Members of the outfit - which spread a "clandestine publication" - were charged with "terrorism", said prosecutors.
Four members of an Italian anarchist group have been arrested on terror-related charges, the Genoa prosecutor's office announced on Tuesday.
ADVERTISEMENT Five others were placed under judicial control by authorities in the northwestern city, with prosecutors believing the group was linked to foreign anarchist movements, reported AFP.
Police dismantled the outfit, which prosecutors claimed was dedicated "to the dissemination of a clandestine publication... appearing twice a month."

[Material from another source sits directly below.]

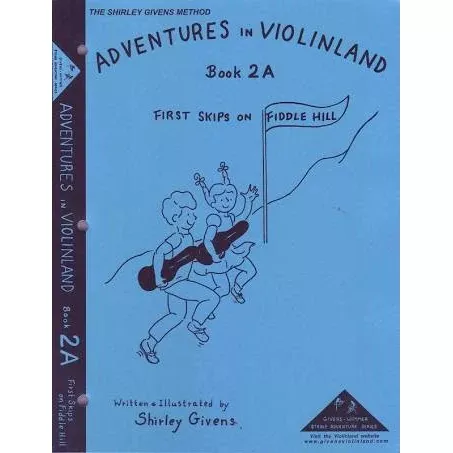 Adventures In Violinland 2A
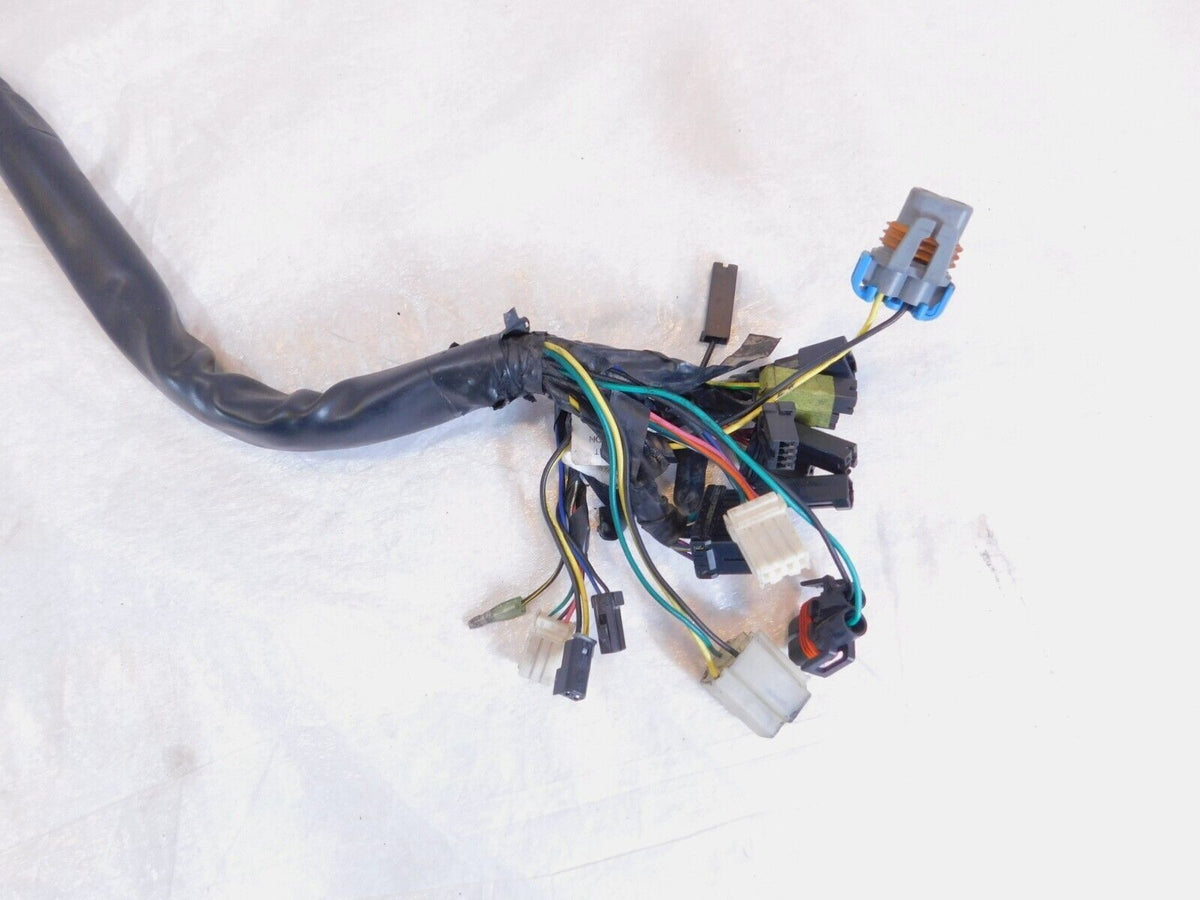 2008 08 Victory Hammer Jackpot Kingpin & Vegas Main Wire Wiring Harness Loom - C3 Cycle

They called this journal "the main instrument for the promotion and dissemination of the most intransigent anarchist discourse" in a press release.

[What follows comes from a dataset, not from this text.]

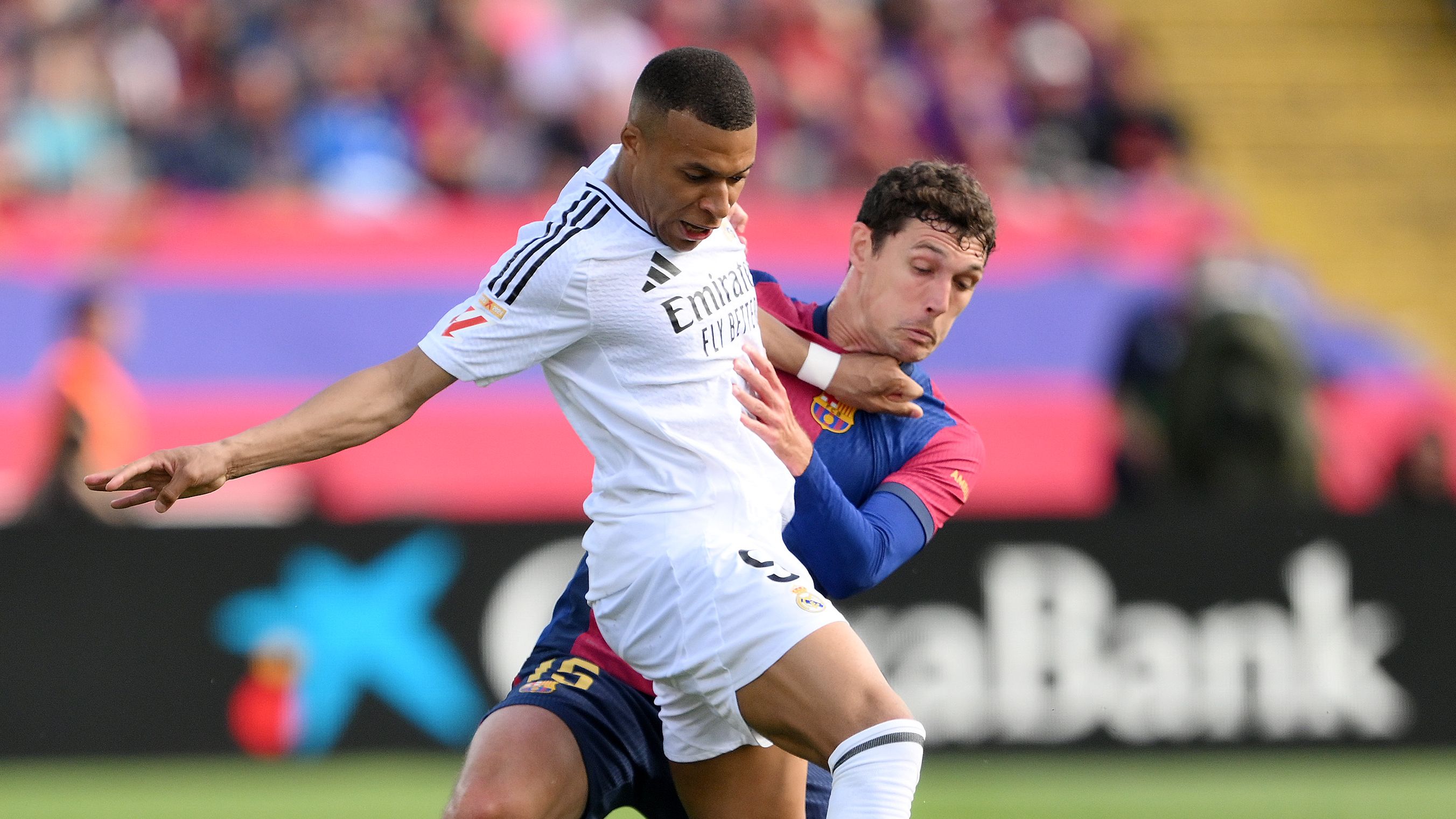 FC Barcelona v Real Madrid CF - La Liga EA Sports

Nine suspects, aged between 27 and 56, were charged with "instigating and advocating terrorism".
Their group is linked to the Fédération Anarchiste Informelle (FAI), which promotes "direct action" with the objective of "destroying the state", according to prosecutors.

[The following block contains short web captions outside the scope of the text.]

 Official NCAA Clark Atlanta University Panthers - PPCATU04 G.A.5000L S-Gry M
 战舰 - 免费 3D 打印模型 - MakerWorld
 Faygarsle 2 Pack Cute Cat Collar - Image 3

The FAI - founded in 2003 - is considered by the Italian authorities as a threat, but it was taken off the EU official terror list in 2010.
Opposing both the current capitalist order and the far-left, the group has previously claimed responsibility for sending a letter containing a bullet to the former Italian Prime Minister Silvio Berlusconi, as well as parcel bombs to the embassies of Switzerland and Chile in Italy.
One of the last major actions of Italian anarchist circles dates back to 2012 when two men attacked the CEO of Ansaldo Nucleare, a subsidiary of the Italian defence giant Finmeccanica, injuring his legs.
The FAI explained at the time it wanted to denounce the role of the company in the nuclear sector and avenge anarchists imprisoned in Greece.
One of the nine suspects involved in the crackdown announced on Tuesday was in contact with a perpetrator of this attack, Alfredo Cospito, police said.
Considered to be the leader of a separate group of anarchist militants behind the parcel bombs and threats in 2010, he was sentenced to thirty years in prison.
ADVERTISEMENT In their publication, the anarchists advocated "hitting human targets", "sharpening the knives" to "bring back fear", "destroy[ing] the state and authority" and "attack[ing] the whole chain of production and sale of arms".